**Exercise requirements**. Below are some records. Retype exactly the lines from the one containing "Traditional Handloom Couple" through the one containing "Clean Line Lockerette, 6", both included, skipping every picture.

**Material provided**.
##############################

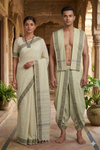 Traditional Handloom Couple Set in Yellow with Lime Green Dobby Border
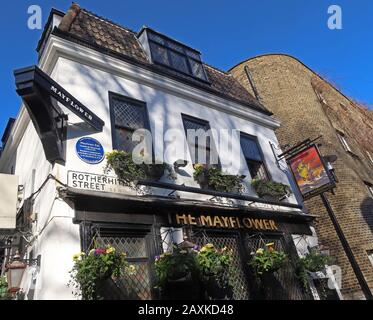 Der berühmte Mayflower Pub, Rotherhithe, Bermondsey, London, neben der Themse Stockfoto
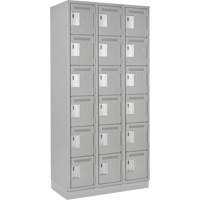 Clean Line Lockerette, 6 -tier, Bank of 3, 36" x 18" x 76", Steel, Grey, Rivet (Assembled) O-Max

##############################

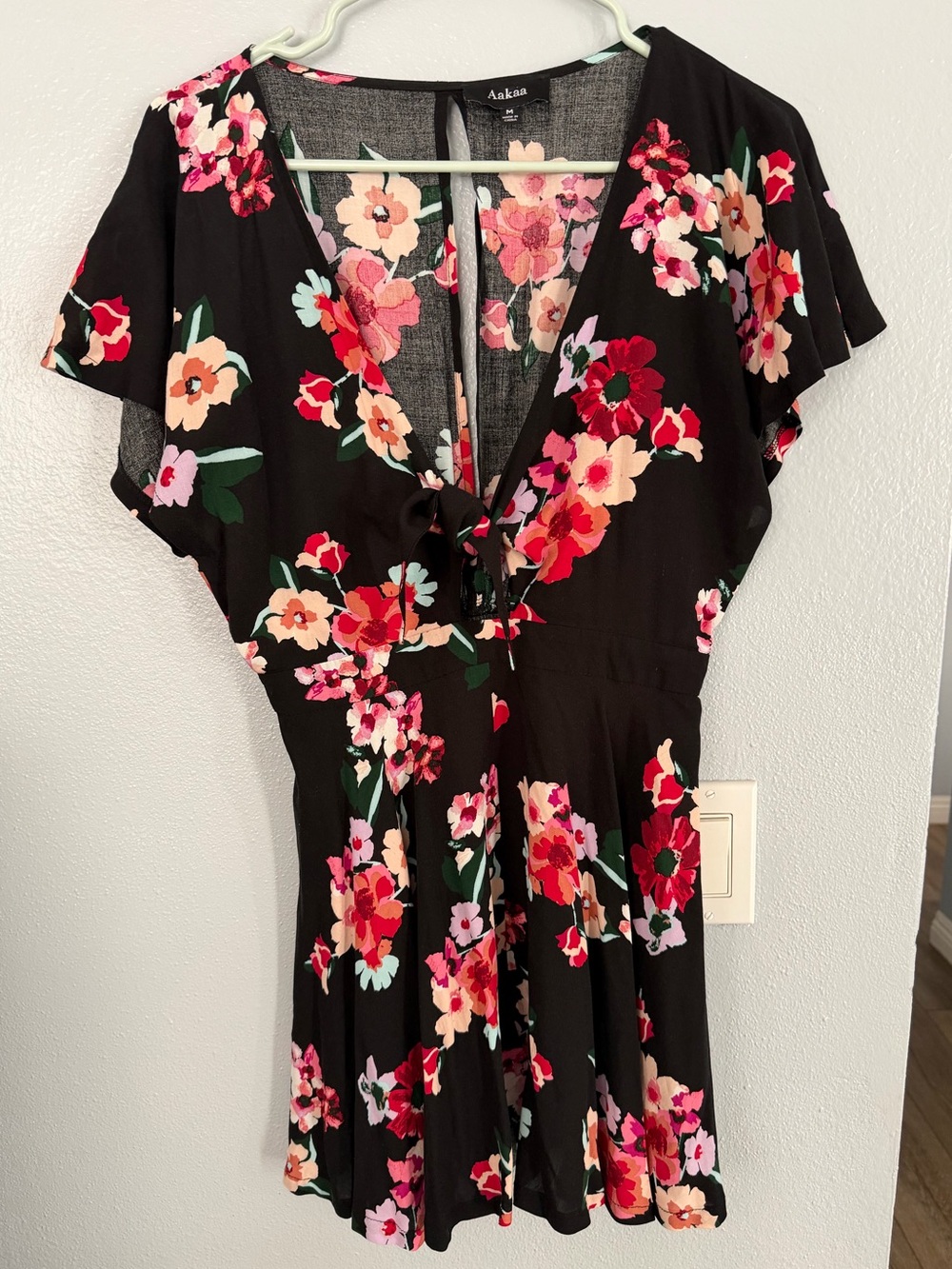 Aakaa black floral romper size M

##############################

**Response to this exercise**.
 Traditional Handloom Couple Set in Yellow with Lime Green Dobby Border
 Der berühmte Mayflower Pub, Rotherhithe, Bermondsey, London, neben der Themse Stockfoto
 Clean Line Lockerette, 6 -tier, Bank of 3, 36" x 18" x 76", Steel, Grey, Rivet (Assembled) O-Max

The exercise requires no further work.